(What the task asks)
Line by line, transcribe the data below exactly and pass over the images.

──────

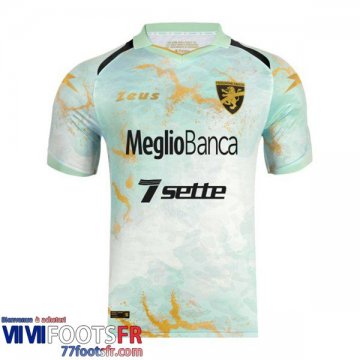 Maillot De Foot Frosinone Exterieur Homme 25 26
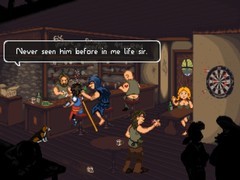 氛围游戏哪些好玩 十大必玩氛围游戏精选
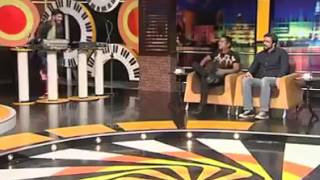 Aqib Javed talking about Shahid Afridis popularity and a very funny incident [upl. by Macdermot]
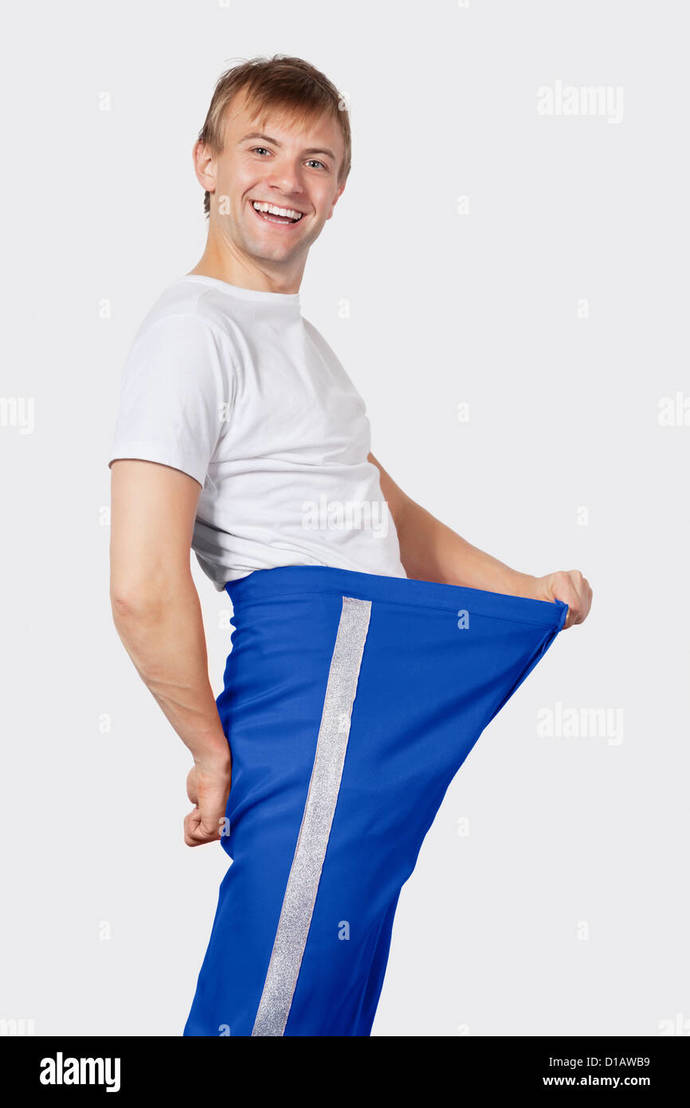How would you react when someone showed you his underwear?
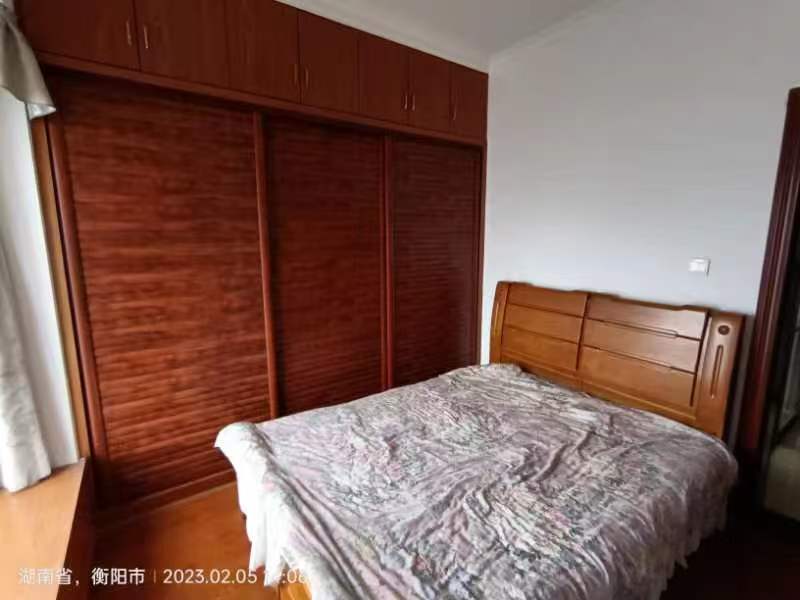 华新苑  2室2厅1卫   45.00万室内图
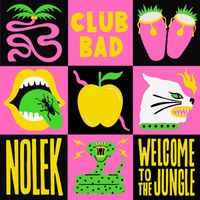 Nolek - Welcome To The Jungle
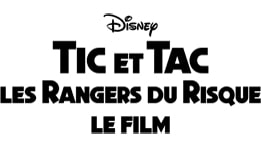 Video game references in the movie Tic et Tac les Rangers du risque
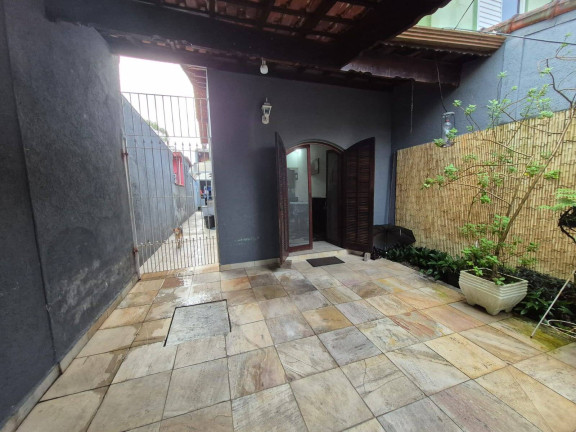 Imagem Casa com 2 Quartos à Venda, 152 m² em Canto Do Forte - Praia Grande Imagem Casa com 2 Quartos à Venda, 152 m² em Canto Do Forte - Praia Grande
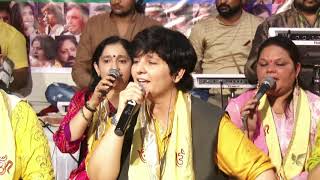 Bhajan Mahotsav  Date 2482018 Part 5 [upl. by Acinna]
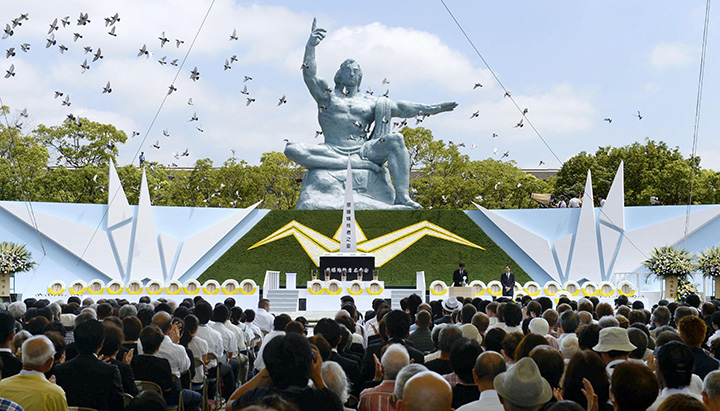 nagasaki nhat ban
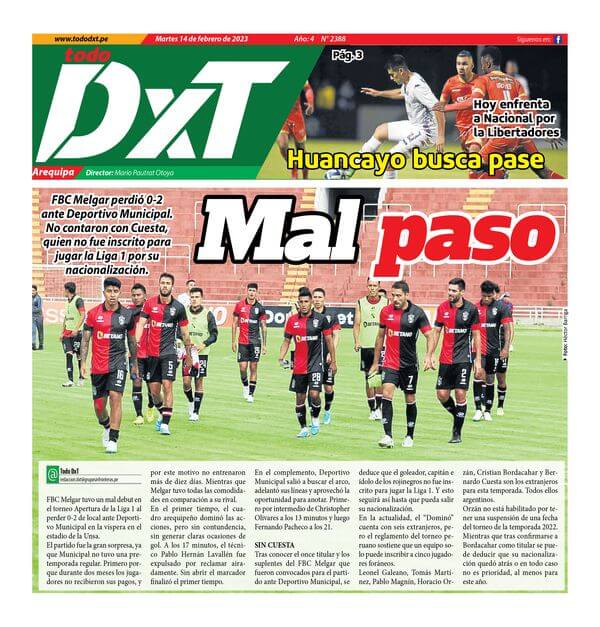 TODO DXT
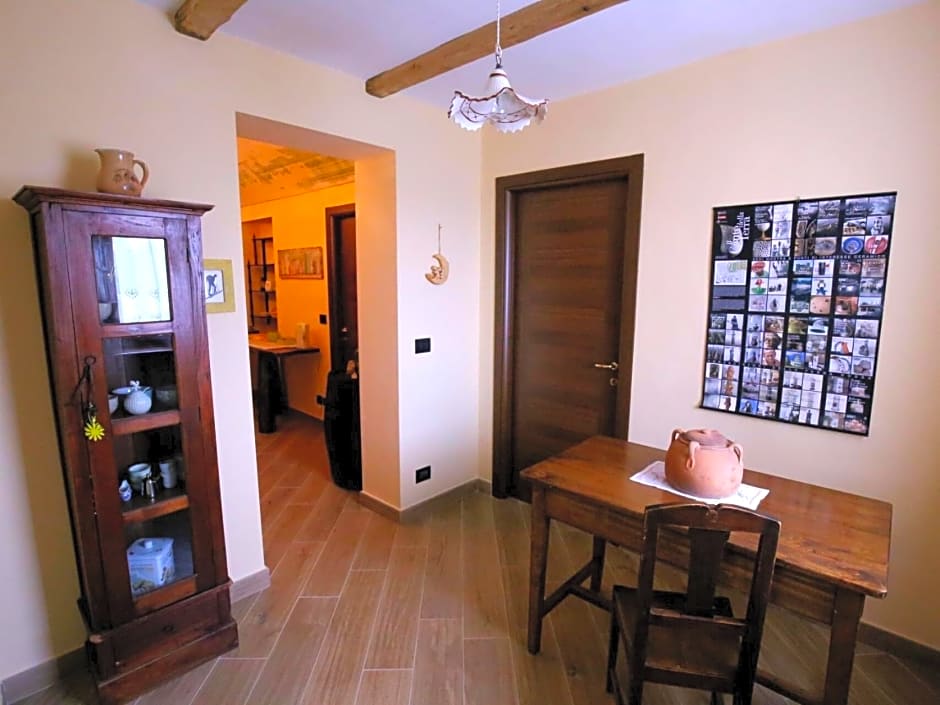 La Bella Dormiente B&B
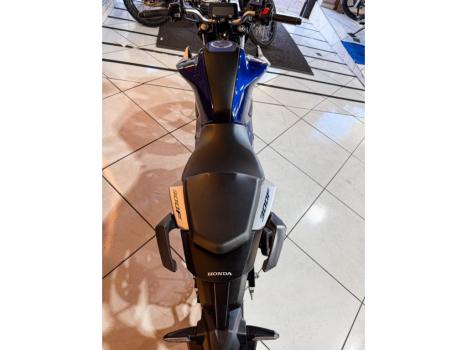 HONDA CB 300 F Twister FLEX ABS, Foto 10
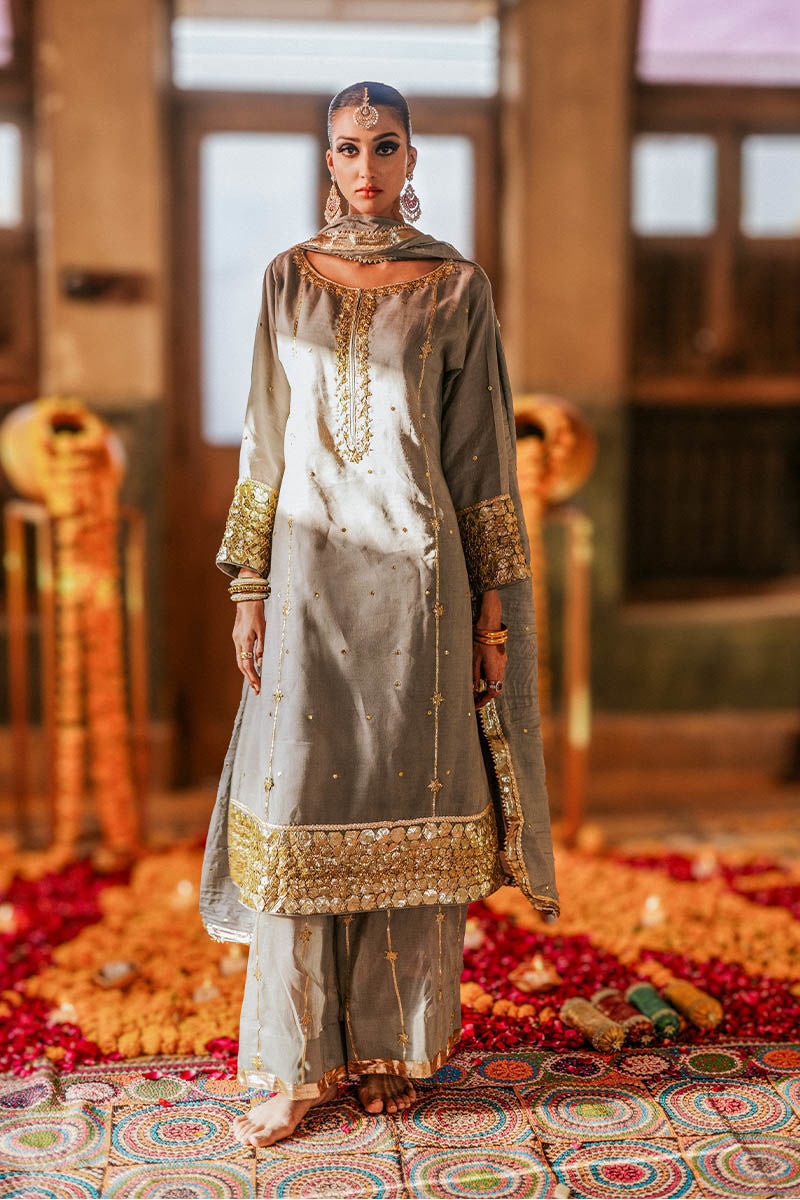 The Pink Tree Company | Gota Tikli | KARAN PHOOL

──────

(Answer box)
 Maillot De Foot Frosinone Exterieur Homme 25 26
 氛围游戏哪些好玩 十大必玩氛围游戏精选
 Aqib Javed talking about Shahid Afridis popularity and a very funny incident [upl. by Macdermot]
How would you react when someone showed you his underwear?
 华新苑  2室2厅1卫   45.00万室内图
 Nolek - Welcome To The Jungle
 Video game references in the movie Tic et Tac les Rangers du risque
 Imagem Casa com 2 Quartos à Venda, 152 m² em Canto Do Forte - Praia Grande Imagem Casa com 2 Quartos à Venda, 152 m² em Canto Do Forte - Praia Grande
 Bhajan Mahotsav  Date 2482018 Part 5 [upl. by Acinna]
 nagasaki nhat ban
 TODO DXT
 La Bella Dormiente B&B
 HONDA CB 300 F Twister FLEX ABS, Foto 10
 The Pink Tree Company | Gota Tikli | KARAN PHOOL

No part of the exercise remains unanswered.